Copy, word for word, the lines of the listing below from the line with "dwukondygnacyjny dom o" up to and including the line with "Принти на полотні". Drop the pictures.

PROVIDED DATA »
Start of Block

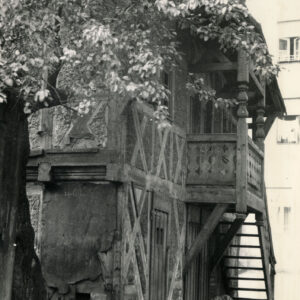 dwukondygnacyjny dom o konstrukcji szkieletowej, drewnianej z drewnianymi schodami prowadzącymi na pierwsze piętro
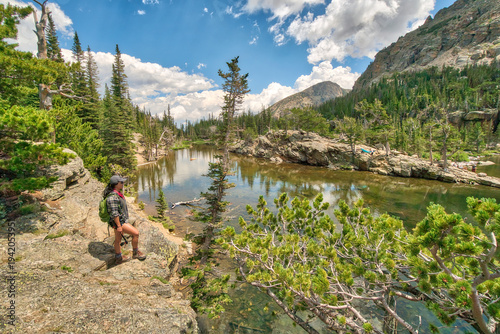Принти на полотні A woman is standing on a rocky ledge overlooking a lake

End of Block
Start of Block

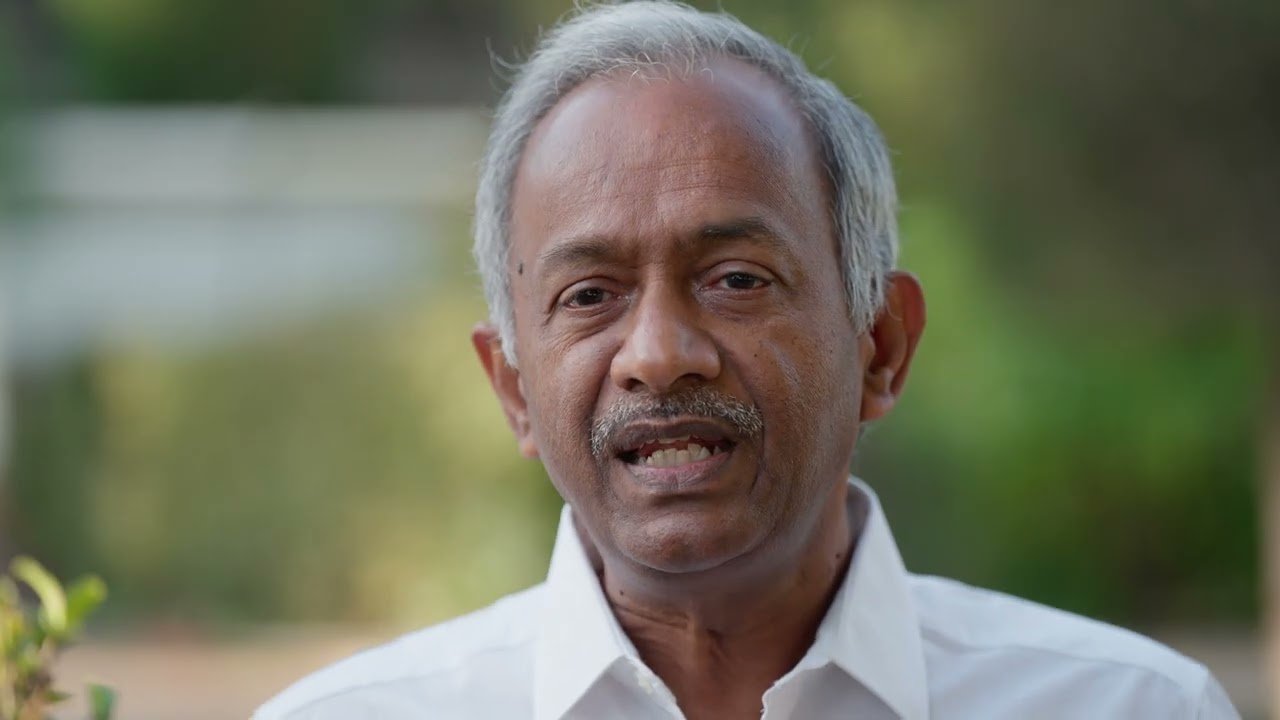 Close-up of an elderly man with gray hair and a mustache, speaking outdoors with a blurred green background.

End of Block
Start of Block

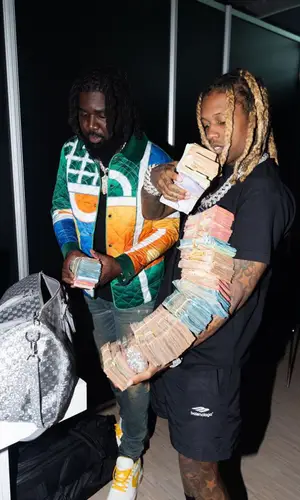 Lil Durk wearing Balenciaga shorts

End of Block

YOUR RESPONSE »
 dwukondygnacyjny dom o konstrukcji szkieletowej, drewnianej z drewnianymi schodami prowadzącymi na pierwsze piętro
Принти на полотні A woman is standing on a rocky ledge overlooking a lake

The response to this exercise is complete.